I, [name], do solemnly swear (or affirm) that I will support and defend the Constitution of the United States against all enemies, foreign and domestic; that I will bear true faith and allegiance to the same; that I take this obligation freely, without any mental reservation or purpose of evasion; and that I will well and faithfully discharge the duties of the office on which I am about to enter. So help me God.
That's the oath of office I took almost five years ago when I entered the Academy and again just last year when I was commissioned. (I did kind of skip over the last four words, as is common practice for atheist officers... or anyone with some form of political or religious objection to saying them.) I meant every word, and I still do, and I think the idea of any military officer not believing in and upholding this oath is ludicrous.
High school students, on the other hand...
Apparently Arizona's up to some interesting things again.
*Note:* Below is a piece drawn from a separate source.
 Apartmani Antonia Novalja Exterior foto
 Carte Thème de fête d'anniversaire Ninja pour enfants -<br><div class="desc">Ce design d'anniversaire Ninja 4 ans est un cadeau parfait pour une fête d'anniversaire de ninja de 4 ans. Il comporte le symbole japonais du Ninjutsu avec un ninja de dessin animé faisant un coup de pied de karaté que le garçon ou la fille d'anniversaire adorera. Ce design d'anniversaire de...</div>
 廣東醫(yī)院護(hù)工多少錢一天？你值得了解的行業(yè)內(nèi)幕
According to a blog post on the Friendly Atheist blog, they're coming up with a bill that would require graduating seniors to take that same oath. (There are minor changes to the last bit, since they are not entering any specific office; otherwise, it is exactly the same.)
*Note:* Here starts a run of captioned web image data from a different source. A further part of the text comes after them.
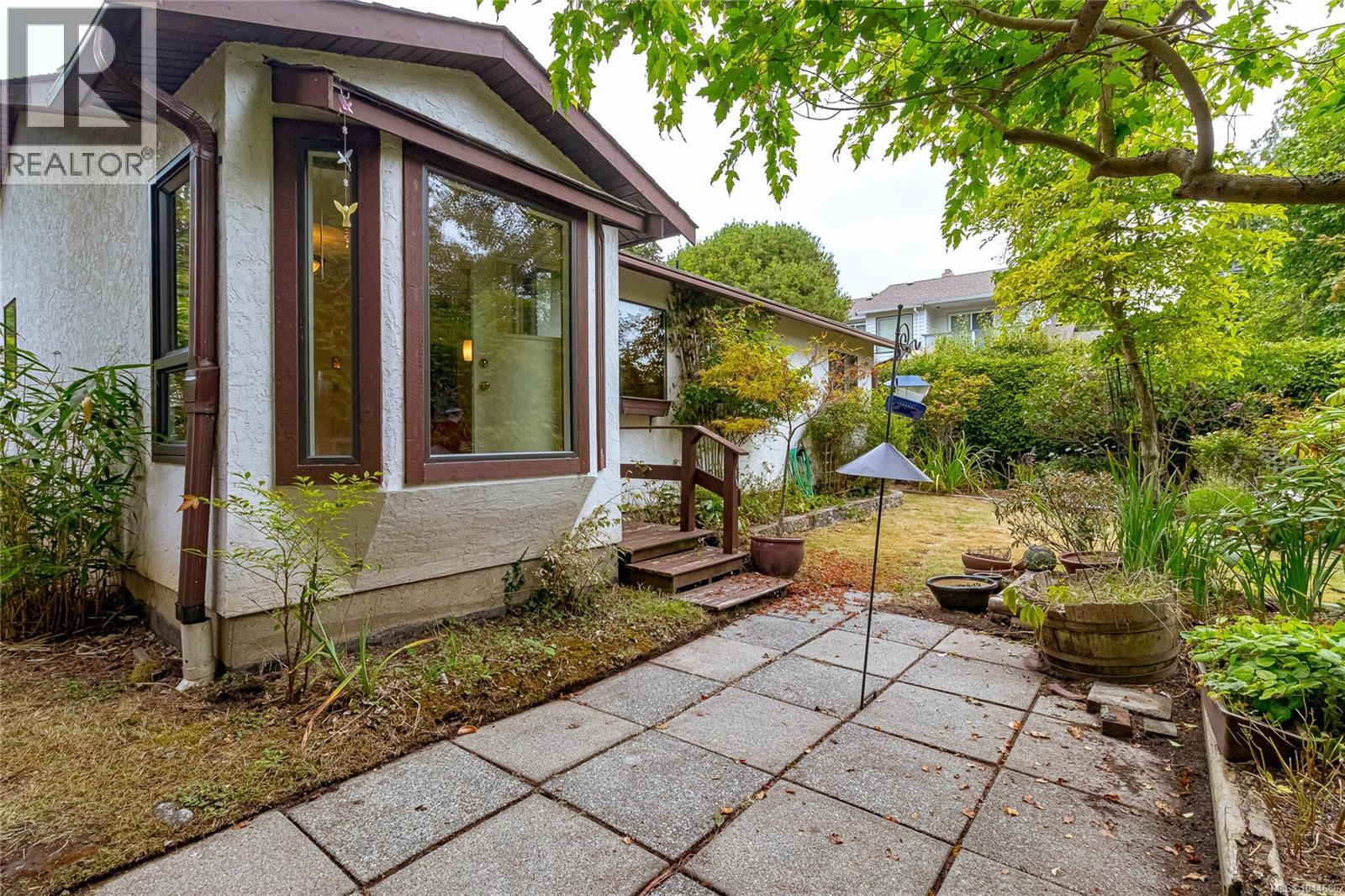 A-1143 Munro St, Esquimalt, British Columbia  V9A 5P3 - Photo 29 - 1044686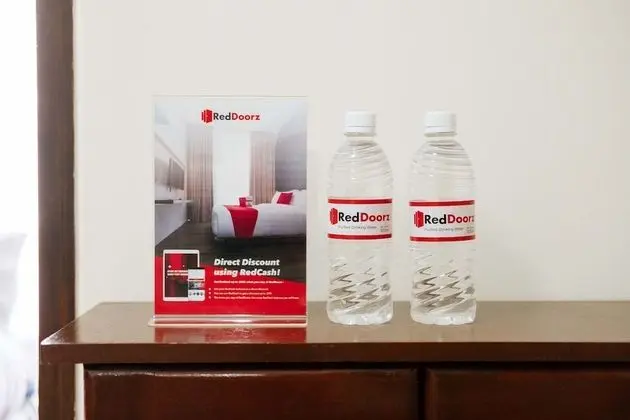 RedDoorz Plus @ Moldex Residences Baguio - Oda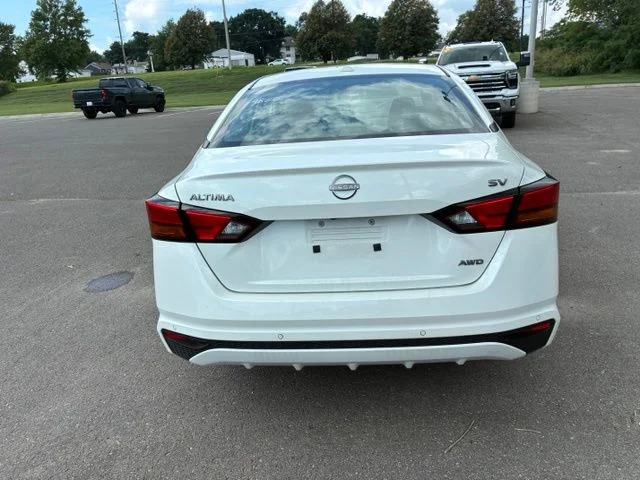 Used 2024 White Nissan 2.5 SV image 8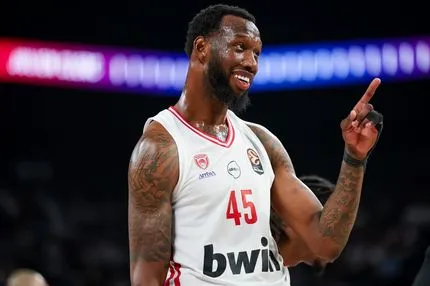 Βιλερμπάν – Ολυμπιακός: Ο σταθερός Βεζένκοβ, ο δημιουργός Φουρνιέ και ο καθοριστικος Χολ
Really, my question boils down to: what is the point of this, again? It's not that I don't think having loyal citizens is important. I just don't think all of them need to be involved in actively defending the Constitution. Granted, I would hope they vote for people they expect to uphold the Constitution, but that's about the only activity the average person will engage in where such concerns matter.
On top of that, as many bloggers, news sites, and their commenters have pointed out, there is something seriously wrong with the idea of telling someone that they are taking an obligation of their own free will while simultaneously threatening them with adverse consequences if they don't take it. By which I mean they're completely contradictory; no one can swear this oath freely with the threat of not getting their diploma hanging over their heads. Anyone honorable enough to believe in and uphold the oath would therefore refuse to take it in the first place. If we're lucky, the people taking it are only going to be lying for that one part - if we're not, they don't mean any of it and any point in having it goes away.
And all that is without worrying about foreign exchange students or religious objectors. Adding those into this mess makes the whole thing even more of a poorly thought out debacle.
To put it bluntly: Let's not cheapen everyone's honor and our oaths with something like this.